Australians spend more than $10bn for non-life insurance products each year, even though there’s only a one in 500 chance your house will catch fire.

That’s why there’s so much profit to be made in insurance. If a forecaster says something’s likely to happen, then it’s highly unlikely you’ll be able to get insurance against it.

Insurance is like a lottery in reverse; lots of people lose a little bit of money paying for premiums they don’t claim against, a few people get a fair bit of money, and the insurer makes a lot of money for handing one group of people’s money to the other. As with gambling, the house always wins.

Which brings me back to mice, nuclear power stations and climate change.

There is a plague of mice rampaging from Queensland through northern New South Wales. Some farmers and small business owners have lost their entire income. So far the cost is estimated to be about $1bn but unless the mice eat through your wiring and burn your house down, insurance almost certainly won’t cover any losses.

While insurance companies make their profit out of our fear of an individual catastrophe, they would lose their entire business if they insured against society-wide catastrophe. We take it for granted that insurance companies will pay out if an accident hits our car or house but most people rarely think about what will happen if catastrophe hits us all at once. Which is why the small print on insurance premiums is so small.

The Fukushima nuclear disaster is likely to cost the Japanese government more than $500bn in damages and compensation simply because no private company would build a nuclear plant if it were liable for those costs, and no private insurance company would ever take on such a large risk. If there was an accident at Lucas Heights in Sydney, people would need to rely on government support as their insurance explicitly doesn’t cover the costs.

For the same reasons, a growing number of insurers are reluctant to insure Australians living in the tropics against storm damage.

Just as no bookmaker will take a $10bn bet on the flip of a coin, no insurance company will take a bet that nuclear power stations won’t have accidents or that sea levels aren’t going to rise in the next 50 years.

While you can still get cyclone insurance in northern Australia, the prices are rising rapidly as global temperatures rise and tropical cyclone intensity increases. In response, the Morrison government announced a $10bn “reinsurance pool” to help lower insurance premiums for northern Australians. But not even the insurance industry thinks that will work.

According to the chief executive of Suncorp, Steve Johnston, “disaster mitigation, rather than disaster clean-up, is where Australia should focus. It is a sad fact that 97 cents of every dollar of disaster funding goes to recovery and rebuild.
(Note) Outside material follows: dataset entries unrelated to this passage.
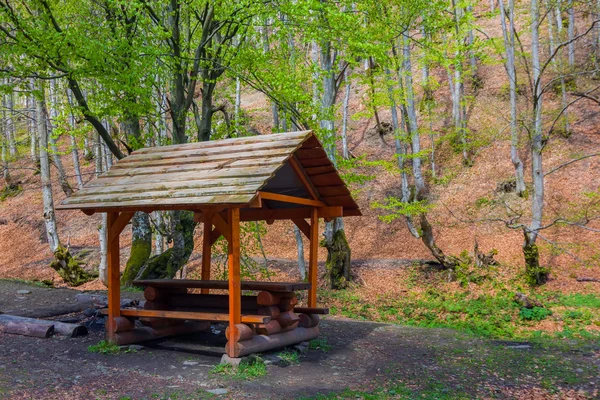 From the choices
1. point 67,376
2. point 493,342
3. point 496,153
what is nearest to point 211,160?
point 67,376

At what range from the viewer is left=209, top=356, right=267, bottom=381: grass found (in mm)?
6746

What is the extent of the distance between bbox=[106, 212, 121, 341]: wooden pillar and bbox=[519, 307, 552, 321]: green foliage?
8.43 m

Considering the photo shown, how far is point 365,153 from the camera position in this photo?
1678 centimetres

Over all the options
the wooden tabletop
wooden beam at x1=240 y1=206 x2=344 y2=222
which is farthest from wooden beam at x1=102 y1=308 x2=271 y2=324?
wooden beam at x1=240 y1=206 x2=344 y2=222

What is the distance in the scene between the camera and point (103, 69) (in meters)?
10.6

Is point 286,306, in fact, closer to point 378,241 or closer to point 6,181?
point 378,241

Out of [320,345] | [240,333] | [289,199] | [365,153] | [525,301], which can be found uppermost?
[365,153]

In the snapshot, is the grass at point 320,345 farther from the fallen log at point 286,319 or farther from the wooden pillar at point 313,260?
the fallen log at point 286,319

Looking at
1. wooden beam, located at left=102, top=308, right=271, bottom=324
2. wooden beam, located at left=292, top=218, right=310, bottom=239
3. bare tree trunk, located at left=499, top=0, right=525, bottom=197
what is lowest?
wooden beam, located at left=102, top=308, right=271, bottom=324

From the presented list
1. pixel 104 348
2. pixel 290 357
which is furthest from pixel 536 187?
pixel 104 348

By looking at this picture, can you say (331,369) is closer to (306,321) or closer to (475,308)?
(306,321)

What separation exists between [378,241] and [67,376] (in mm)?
14001

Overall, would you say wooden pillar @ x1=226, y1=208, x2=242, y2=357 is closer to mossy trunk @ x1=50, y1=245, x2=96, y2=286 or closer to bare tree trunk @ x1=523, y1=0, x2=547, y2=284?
bare tree trunk @ x1=523, y1=0, x2=547, y2=284

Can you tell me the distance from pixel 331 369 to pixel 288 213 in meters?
3.08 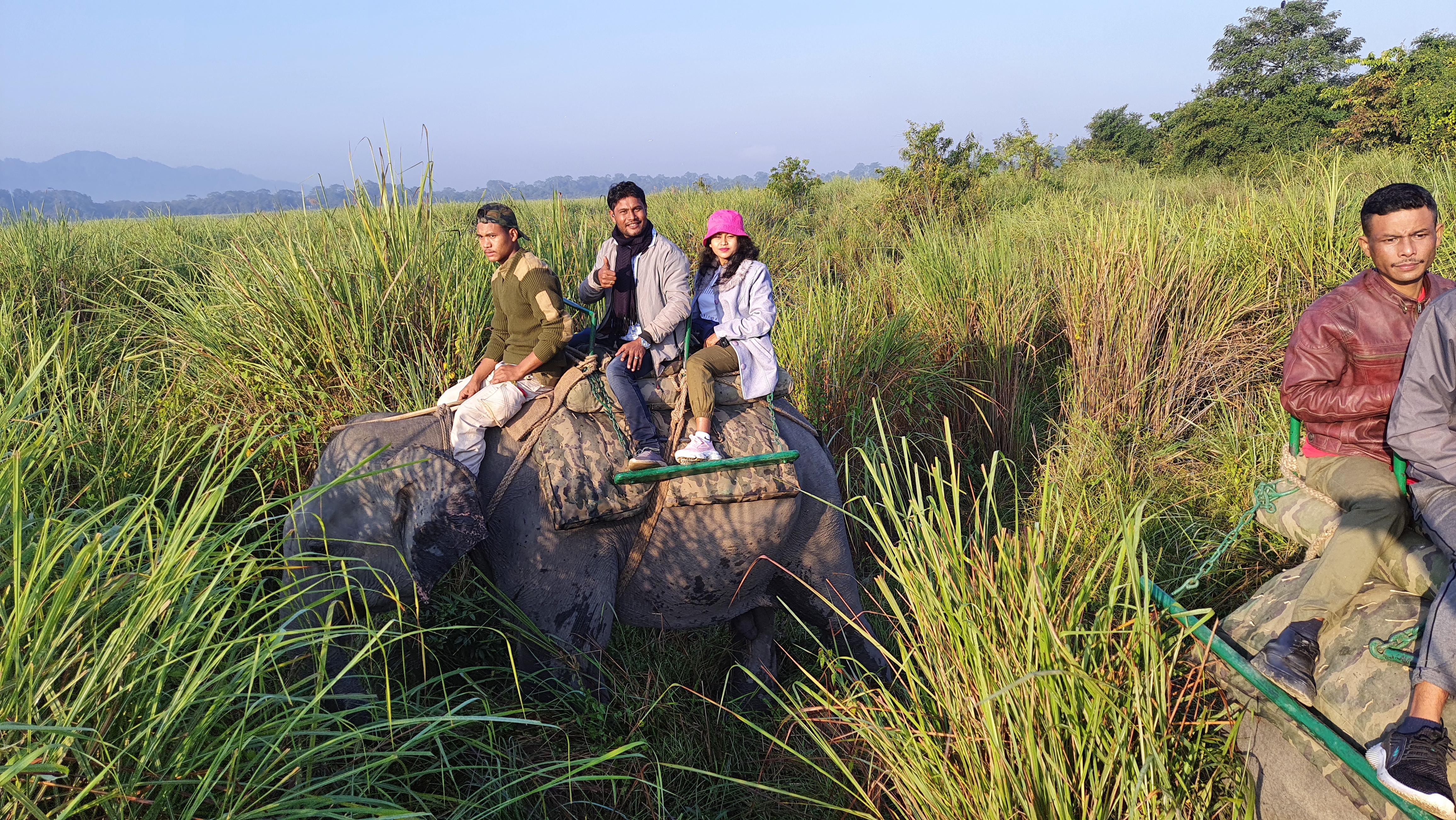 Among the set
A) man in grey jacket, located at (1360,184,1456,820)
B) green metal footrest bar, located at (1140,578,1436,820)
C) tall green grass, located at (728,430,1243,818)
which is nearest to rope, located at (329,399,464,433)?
tall green grass, located at (728,430,1243,818)

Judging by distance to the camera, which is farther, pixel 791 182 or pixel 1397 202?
pixel 791 182

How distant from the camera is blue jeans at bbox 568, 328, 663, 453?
3352mm

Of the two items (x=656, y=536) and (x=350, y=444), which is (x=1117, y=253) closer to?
→ (x=656, y=536)

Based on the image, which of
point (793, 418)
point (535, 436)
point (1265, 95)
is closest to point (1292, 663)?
point (793, 418)

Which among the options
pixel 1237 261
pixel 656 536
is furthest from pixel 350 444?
pixel 1237 261

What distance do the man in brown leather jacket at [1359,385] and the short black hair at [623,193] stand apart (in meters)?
2.60

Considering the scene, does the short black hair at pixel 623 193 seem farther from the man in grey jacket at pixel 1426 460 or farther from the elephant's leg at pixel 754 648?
the man in grey jacket at pixel 1426 460

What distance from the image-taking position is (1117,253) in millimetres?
5492

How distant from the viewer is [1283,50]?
73.5 ft

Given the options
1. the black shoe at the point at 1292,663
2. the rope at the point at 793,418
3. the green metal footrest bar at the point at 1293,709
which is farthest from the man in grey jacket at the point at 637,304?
the black shoe at the point at 1292,663

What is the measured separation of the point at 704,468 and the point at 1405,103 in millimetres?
13291

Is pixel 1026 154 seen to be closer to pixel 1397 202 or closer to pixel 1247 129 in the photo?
pixel 1247 129

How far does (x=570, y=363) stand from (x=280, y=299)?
1.53 m

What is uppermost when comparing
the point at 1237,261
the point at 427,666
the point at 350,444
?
the point at 1237,261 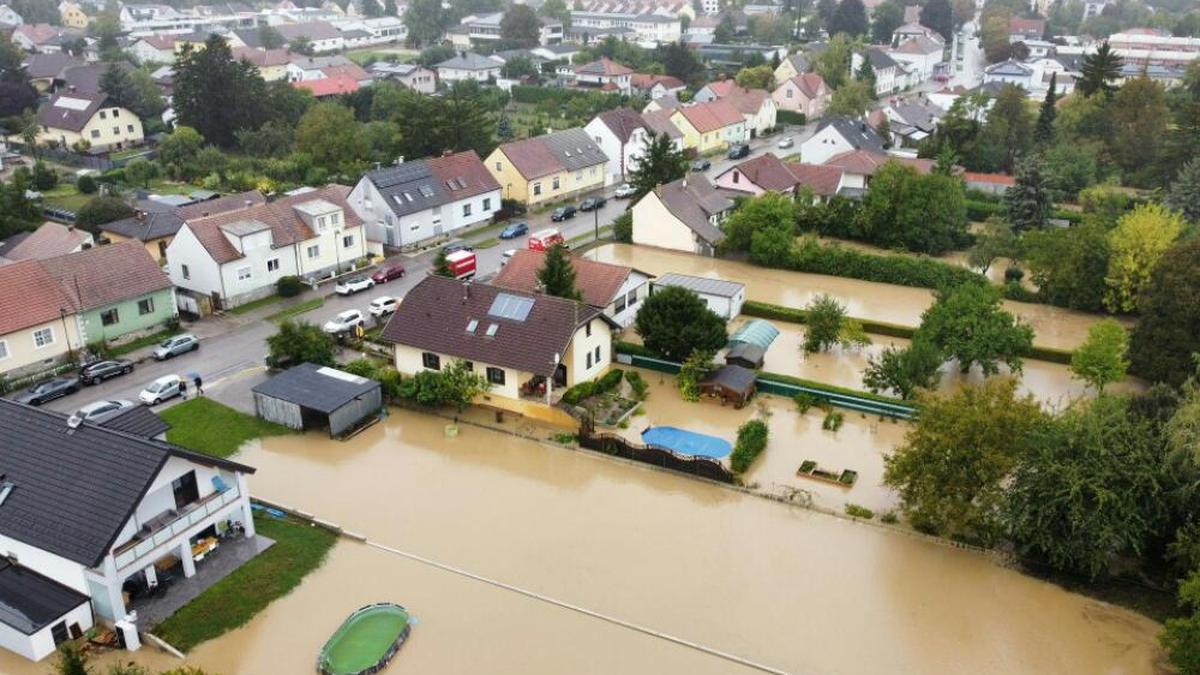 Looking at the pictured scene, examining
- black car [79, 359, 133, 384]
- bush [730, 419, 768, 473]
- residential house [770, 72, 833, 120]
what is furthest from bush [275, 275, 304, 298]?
residential house [770, 72, 833, 120]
The remaining 3 cents spent on preparation and mitigation is but a small drop in a rapidly filling bucket.”

While we could force insurance companies to cover all Australians for the risks of mice, nuclear accidents and tropical cyclones, that wouldn’t make the risks go away, it would just redistribute the cost.

Just as forcing insurance companies to provide insurance to young people with powerful cars and poor driving records would inevitably drive up the cost of everybody else’s insurance, so too would requiring insurance companies to offer insurance to those who face the almost inevitable costs of climate change.

Just as the best form of health insurance is a healthy diet and regular exercise, the best way to keep insurance premiums down is to prevent climate change and the disasters it causes.

If we want to subsidise the cost of insurance for vulnerable groups, we can choose to do that but, if we take that route, it makes sense to not just ask who should benefit, but who should pay.

According to Australia Institute research 65% of Australians support a levy on fossil fuel exports to help pay for climate disasters (only 21% are opposed). Such a levy wouldn’t directly help with the costs of a mouse plague, but it would mean governments could provide a lot more help to the latest victims if they wanted to.